Ross and his team will use the money to fund research that he hopes will change the way designers and owners think about buildings. He wants to develop a set of tools that help measure building adaptability, similar to the LEED certification that recognizes best strategies and practices for making buildings environmentally friendly.

“We’ve spent millions and millions of dollars on protecting buildings from earthquakes and hurricanes, but we have another problem we should also be focusing on– obsolescence,” Ross said. “Our buildings are constantly changing, yet we’re designing them with a mindset that they’re stagnant things.”

“My project is to investigate how we can build buildings right now so that in 10, 20, 50 or 100 years they can be easily adapted and changed. The implications are huge.”

Many strategies that save buildings from demolition are already in place, but how, when and where they are put into practice are scattershot.

Examples of building adaptability are plentiful.

The sturdy construction and wide open spaces of textile mills have made them ideal for conversion to condos. Floors in some buildings are covered with tiles that can be quickly removed and replaced when one gets damaged. Buildings could be made of pieces that fit together like Legos and later taken apart for reuse at another site.

The Brooklyn Bridge is also a good example of adaptability, Ross said. When the bridge was first built more than 130 years ago, a controversial decision was made to strengthen the span so it could handle locomotives, he said. They never came, but the stronger design later made it possible to drive cars and trucks over the bridge, Ross said.

“One of the fundamental principles in making things adaptable is making them stronger or bigger or giving them more capacity than we need right now,” he said.

Part of Ross’ research will revolve around quantifying how many buildings are torn down because they are obsolete. His team plans to develop a first-of-its kind international warehouse of information, the Database of Adaptation and Demolition projects (DAaD).

Ross cited data gathered by other researchers that lends weight to his ideas.

A survey of buildings  in the Minneapolis-St. Paul area between 2000 and 2003 found that obsolescence was the primary reason for demolition up to 60 percent of the time. Structural failures and deficiencies, including those caused by fire, were culpable in just 11 percent of demolitions.

“Similar trends have been observed in Japan and the United Kingdom,” Ross wrote in his research proposal. “The data demonstrate the critical need for design frameworks that treat obsolescence as a hazard and provide theories for mitigation.”

James R. Martin, chair of the Glenn Department of Civil Engineering, congratulated Ross on the award.

“Dr. Ross has won the National Science Foundation’s one of the most prestigious awards in support of junior faculty,” Martin said. “He exemplifies the role of teacher-scholar. Further, the overall theme of his research– restoring and improving urban infrastructure– fits squarely with the grand challenges as identified by the National Academy of Engineering.”

Ross has assembled a team of researchers that will stretch from Clemson to Australia, Hong Kong, Singapore and the United Kingdom. Their expertise includes real estate, architecture, and construction.

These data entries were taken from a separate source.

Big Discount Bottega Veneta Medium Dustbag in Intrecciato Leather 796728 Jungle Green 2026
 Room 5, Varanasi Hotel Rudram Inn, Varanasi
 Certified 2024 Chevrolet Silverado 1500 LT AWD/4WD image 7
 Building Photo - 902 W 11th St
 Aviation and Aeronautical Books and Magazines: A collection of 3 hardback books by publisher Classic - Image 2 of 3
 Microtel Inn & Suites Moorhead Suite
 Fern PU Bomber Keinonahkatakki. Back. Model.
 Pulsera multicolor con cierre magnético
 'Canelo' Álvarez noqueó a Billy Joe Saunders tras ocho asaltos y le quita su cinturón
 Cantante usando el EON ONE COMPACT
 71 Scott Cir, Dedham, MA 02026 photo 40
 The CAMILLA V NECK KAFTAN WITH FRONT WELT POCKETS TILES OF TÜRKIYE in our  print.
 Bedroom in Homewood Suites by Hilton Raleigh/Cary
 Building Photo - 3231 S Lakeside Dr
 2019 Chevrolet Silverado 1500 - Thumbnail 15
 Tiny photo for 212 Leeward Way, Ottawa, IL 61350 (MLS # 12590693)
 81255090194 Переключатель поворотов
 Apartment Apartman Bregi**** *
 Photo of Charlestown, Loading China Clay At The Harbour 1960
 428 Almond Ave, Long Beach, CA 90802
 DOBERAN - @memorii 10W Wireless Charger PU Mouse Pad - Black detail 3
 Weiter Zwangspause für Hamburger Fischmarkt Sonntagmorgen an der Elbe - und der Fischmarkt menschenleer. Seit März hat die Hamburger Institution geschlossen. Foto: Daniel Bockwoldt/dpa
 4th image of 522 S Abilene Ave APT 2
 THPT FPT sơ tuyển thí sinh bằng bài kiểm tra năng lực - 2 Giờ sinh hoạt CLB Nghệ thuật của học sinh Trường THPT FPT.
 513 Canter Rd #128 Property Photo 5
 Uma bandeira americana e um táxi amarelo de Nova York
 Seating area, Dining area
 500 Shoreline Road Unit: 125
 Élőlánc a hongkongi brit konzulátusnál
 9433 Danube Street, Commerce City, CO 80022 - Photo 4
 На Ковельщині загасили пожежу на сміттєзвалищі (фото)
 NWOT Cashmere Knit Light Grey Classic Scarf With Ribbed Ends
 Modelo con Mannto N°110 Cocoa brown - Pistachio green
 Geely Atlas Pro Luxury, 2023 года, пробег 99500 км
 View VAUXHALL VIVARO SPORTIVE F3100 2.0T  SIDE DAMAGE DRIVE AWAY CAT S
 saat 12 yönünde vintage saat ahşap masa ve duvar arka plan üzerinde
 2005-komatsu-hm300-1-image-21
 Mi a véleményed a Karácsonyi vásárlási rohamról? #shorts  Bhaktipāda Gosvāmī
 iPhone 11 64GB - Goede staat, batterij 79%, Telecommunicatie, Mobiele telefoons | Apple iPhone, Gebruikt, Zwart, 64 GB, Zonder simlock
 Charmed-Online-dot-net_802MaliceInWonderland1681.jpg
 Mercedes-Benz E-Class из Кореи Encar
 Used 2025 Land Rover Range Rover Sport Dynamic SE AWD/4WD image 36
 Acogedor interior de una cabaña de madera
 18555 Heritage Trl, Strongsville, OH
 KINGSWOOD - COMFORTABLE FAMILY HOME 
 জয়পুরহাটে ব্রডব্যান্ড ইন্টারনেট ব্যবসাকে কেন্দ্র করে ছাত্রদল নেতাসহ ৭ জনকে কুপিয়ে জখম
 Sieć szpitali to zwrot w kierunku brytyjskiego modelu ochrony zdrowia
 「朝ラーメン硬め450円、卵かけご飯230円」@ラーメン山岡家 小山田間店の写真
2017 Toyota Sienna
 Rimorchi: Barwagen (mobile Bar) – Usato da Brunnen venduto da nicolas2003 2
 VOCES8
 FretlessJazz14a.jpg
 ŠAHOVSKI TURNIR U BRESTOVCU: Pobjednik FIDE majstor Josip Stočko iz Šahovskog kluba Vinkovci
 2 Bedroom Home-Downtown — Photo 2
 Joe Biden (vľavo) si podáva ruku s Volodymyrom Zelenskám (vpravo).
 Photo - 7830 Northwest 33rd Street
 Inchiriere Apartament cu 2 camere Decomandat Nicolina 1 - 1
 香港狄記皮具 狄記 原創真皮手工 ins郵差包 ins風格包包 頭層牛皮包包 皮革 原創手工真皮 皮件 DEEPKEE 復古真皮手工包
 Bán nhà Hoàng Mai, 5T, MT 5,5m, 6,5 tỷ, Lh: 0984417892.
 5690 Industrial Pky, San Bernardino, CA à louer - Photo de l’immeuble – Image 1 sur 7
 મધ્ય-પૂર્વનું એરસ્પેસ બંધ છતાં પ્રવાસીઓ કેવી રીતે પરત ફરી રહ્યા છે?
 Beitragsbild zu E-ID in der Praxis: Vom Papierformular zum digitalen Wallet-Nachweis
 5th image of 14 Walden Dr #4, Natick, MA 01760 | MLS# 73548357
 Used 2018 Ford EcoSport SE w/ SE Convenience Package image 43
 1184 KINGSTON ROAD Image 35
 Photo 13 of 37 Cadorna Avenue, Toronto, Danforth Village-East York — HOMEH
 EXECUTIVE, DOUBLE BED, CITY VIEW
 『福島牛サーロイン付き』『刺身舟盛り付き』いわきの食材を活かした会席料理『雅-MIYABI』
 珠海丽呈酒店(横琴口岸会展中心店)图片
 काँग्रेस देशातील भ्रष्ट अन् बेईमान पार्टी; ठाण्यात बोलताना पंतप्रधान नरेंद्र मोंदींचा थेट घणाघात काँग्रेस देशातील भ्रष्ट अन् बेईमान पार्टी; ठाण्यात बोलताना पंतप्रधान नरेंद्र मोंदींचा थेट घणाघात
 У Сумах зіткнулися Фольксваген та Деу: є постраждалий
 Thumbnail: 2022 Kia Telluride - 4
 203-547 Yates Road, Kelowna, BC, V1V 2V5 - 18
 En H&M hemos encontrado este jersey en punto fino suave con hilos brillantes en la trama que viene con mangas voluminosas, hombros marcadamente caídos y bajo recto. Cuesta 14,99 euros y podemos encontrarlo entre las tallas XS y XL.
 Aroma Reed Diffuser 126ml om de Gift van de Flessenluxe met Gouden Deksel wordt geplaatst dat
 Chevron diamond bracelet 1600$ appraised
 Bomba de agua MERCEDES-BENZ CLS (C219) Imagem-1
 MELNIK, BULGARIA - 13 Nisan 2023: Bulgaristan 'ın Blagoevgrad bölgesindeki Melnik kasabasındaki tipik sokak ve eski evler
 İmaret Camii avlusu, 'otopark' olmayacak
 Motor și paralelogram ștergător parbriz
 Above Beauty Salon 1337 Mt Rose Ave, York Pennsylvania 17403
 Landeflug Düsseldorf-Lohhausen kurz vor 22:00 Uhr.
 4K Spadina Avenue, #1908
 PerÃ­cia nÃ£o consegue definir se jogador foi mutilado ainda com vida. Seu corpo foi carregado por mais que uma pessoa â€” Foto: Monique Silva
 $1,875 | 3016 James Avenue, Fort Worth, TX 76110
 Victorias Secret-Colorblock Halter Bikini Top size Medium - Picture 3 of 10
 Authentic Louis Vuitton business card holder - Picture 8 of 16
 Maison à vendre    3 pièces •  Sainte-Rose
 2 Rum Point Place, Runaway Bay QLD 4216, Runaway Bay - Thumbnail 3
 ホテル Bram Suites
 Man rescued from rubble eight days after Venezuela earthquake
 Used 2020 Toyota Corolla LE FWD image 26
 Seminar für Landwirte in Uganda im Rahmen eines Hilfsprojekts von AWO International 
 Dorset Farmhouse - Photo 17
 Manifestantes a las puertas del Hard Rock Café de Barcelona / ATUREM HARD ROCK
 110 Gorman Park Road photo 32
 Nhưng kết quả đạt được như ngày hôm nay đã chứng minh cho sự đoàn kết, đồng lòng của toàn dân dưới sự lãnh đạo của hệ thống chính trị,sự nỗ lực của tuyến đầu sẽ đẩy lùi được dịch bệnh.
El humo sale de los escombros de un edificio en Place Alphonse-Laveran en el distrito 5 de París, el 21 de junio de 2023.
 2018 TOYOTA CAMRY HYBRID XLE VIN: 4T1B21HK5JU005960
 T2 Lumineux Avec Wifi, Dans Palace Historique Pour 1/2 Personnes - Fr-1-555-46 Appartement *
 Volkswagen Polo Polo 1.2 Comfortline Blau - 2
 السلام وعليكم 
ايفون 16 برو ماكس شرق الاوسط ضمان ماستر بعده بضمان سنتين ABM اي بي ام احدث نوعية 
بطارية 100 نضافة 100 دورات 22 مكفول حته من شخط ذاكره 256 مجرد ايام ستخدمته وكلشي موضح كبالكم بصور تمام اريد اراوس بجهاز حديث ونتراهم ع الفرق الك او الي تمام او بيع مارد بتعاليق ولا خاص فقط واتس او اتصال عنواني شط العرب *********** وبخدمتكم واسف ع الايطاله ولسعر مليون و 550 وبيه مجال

Ross also plans to visit Tongji University in China to introduce its faculty to the project and consider the possibility of collecting data in Shanghai. These efforts will leverage the recently formalized joint Civil Engineering Ph.D. program between Tongji and Clemson .

“What I’ve put together in my proposal are the best thinkers on this internationally,” Ross said. “That allows me focus on this underutilized niche– what can an architect or an engineer do to a building right now? How can you compare and say, ‘Is design A or design B more adaptable? Which of these strategies gives you the most bang for your buck?’”

Also as part of the award, Ross and his team are planning to conduct Science as Art exhibitions at the Clemson University Restoration Institute to help teach diverse audiences about infrastructure obsolescence and adaptability. The exhibitions will take place at the same time as the Spoleto USA and Piccolo Spoleto festivals.

Anand Gramopadhye, dean of the College of Engineering and Science, said that Ross’ award is richly deserved.

“Congratulations to Dr. Ross,” he said. “His hard work and creative ideas are helping solve one of the grand challenges of our time. We are fortunate to have him here at Clemson. His approach transcends traditional boundaries through collaboration with some the world’s top researchers who bring their own unique and rich perspective.”